Flow cytometry was used to detect apoptosis, following treatment of the SKOV3 cells with CZEO (62.5 μg/ml), PTX (10 nM), or a combination of the two for 48 h. The cells were collected for dual staining using Annexin V/PI and then underwent flow cytometry. The cells stained with Annexin V but not PI were considered to be in the early-apoptotic phase. Treatment with a combination of CZEO and PTX significantly enhanced the rate of apoptosis (Fig. 2A). The rate of apoptosis of the cells treated with CZEO (62.5 μg/ml), PTX (10 nM) and a combination of the two was 6.4%, 9.5% and 22.2%, respectively.

Flow cytometry was used to perform a cell cycle analysis, following treatment of the SKOV3 cells with CZEO (62.5 μg/ml), PTX (10 nM), or a combination of the two for 24 h. The number of cells arrested at G₂/M phase were significantly increased (Fig. 2B), which may be partially attributed to the anti-proliferative effects of CZEO and PTX.

The SKOV3 cells exhibited morphological changes characteristic of apoptosis following treatment with CZEO (62.5 μg/ml), PTX (10 nM), or a combination of the two. A microscopic observation demonstrated that the cells treated with CZEO (62.5 μg/ml), PTX (10 nM), or a combination of the two for 48 h had significantly reduced growth and exhibited morphological changes characteristic of apoptosis, including widespread chromatin condensation, exocytosis, and condensation and fragmentation of nuclei (Fig. 3).

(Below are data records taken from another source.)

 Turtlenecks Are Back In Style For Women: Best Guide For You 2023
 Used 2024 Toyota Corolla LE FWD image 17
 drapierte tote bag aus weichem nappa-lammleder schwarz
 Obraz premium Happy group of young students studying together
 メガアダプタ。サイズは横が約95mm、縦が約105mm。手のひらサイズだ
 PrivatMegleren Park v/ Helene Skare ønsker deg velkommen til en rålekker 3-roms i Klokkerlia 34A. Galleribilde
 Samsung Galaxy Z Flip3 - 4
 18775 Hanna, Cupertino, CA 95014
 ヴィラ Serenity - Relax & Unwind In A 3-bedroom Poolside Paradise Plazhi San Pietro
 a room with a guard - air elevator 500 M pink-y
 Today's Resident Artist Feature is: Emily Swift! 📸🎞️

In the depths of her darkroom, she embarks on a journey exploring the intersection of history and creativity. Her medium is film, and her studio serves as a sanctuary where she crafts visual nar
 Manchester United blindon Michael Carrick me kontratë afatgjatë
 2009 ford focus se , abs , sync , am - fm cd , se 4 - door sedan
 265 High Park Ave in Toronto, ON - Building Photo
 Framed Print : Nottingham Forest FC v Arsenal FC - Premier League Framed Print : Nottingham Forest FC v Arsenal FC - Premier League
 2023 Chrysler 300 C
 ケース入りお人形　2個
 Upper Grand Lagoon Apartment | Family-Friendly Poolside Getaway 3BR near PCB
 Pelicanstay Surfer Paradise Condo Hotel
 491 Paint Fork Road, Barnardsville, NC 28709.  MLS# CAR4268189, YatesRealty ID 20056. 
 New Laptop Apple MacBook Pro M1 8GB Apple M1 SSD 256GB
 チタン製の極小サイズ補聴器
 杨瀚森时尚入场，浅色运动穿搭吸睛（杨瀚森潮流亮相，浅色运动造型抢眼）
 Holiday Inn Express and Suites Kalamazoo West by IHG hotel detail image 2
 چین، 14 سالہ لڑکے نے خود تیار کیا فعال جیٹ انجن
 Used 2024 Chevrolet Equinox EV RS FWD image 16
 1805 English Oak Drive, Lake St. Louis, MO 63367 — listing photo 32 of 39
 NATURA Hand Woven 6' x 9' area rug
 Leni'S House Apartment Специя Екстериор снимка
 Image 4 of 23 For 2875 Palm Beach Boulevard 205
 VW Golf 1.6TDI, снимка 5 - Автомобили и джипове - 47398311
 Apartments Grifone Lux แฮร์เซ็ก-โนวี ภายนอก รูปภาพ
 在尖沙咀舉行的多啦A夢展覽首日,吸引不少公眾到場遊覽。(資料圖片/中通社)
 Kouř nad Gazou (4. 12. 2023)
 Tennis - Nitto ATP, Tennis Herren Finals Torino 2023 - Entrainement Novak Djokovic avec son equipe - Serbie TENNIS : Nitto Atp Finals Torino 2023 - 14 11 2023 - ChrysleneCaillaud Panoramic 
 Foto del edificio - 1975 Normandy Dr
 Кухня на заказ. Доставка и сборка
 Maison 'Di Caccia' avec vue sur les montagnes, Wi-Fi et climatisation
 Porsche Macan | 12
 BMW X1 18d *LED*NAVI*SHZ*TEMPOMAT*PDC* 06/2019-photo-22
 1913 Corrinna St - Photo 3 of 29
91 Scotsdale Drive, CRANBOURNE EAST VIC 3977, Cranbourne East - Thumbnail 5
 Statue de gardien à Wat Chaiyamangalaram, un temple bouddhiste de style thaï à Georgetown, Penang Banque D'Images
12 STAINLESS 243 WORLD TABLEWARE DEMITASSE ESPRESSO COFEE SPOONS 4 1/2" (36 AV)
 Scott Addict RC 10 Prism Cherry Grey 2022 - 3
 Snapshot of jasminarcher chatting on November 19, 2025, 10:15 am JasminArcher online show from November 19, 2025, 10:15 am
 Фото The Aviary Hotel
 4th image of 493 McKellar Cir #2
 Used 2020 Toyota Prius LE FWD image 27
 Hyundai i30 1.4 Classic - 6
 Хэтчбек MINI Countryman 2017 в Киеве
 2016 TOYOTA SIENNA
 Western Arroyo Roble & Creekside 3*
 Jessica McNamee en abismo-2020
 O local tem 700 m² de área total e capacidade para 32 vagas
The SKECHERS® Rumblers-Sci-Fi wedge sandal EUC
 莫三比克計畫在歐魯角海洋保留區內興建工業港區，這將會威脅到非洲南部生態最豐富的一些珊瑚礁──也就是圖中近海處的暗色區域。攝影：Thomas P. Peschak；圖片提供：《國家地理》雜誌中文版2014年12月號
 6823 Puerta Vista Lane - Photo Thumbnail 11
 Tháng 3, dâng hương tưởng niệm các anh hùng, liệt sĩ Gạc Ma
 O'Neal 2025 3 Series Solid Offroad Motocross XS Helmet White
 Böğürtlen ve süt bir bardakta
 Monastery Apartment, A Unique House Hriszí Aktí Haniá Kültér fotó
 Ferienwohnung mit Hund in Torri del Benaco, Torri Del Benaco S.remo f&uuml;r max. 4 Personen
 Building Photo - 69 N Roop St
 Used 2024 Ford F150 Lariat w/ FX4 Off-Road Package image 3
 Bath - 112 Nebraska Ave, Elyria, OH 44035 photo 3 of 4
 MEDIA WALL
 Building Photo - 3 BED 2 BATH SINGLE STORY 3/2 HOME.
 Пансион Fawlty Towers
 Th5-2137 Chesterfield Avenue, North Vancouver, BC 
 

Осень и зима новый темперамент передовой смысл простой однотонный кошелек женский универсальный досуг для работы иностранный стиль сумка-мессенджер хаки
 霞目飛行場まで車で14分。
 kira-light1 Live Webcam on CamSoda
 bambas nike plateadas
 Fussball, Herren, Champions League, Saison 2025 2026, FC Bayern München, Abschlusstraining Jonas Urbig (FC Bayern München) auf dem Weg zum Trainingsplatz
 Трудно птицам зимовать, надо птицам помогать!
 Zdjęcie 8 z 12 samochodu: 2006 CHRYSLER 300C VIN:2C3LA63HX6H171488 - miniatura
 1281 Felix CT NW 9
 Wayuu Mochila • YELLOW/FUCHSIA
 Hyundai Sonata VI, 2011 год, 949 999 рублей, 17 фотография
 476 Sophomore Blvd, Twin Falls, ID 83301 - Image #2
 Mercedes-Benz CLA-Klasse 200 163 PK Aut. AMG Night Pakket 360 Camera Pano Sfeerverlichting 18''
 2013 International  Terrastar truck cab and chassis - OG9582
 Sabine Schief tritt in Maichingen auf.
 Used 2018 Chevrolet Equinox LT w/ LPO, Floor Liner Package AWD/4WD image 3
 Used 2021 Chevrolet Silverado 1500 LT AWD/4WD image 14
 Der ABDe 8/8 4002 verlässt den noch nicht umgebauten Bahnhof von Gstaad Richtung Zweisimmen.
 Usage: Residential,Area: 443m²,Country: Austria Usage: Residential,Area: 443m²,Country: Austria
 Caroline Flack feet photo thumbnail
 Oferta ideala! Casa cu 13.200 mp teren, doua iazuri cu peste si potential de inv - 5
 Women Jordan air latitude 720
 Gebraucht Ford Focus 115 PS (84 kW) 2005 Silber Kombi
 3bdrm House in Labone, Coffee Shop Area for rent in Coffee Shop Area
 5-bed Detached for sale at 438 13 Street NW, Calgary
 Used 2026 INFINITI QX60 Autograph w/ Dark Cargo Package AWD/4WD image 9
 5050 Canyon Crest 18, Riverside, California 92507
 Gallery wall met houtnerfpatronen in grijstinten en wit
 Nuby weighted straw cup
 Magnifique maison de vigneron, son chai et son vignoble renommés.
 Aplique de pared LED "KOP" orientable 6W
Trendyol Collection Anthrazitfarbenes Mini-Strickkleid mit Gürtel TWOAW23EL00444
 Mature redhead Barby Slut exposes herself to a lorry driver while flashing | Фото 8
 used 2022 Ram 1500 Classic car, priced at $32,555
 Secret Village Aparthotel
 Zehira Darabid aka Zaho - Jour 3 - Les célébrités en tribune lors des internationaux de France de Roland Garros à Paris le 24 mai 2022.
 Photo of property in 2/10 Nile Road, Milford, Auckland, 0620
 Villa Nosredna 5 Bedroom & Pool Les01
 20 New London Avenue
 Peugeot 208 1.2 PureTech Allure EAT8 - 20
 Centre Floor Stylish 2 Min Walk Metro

Hoechst 33342 staining was also performed to detect apoptosis following treatment with CZEO (62.5 μg/ml), PTX (10 nM) or a combination of the two for 48 h. The untreated control cells exhibited normal chromatin without condensation or fragmentation, with no bright staining in the nuclei, thus indicating the absence of dying cells. Whereas, the treated cells exhibited significantly condensed and fragmented chromatin, disintegration of nuclei and formation of apoptotic bodies.

Following treatment with CZEO (62.5 μg/ml), PTX (10 nM), or a combination of the two for 24 h, the cells were harvested for western blotting, in order to detect the expression levels of proteins involved in the apoptotic pathway. Treatment with a combination of CZEO and PTX activated caspase-3, to form a cleaved product of the substrate PARP (Fig. 4).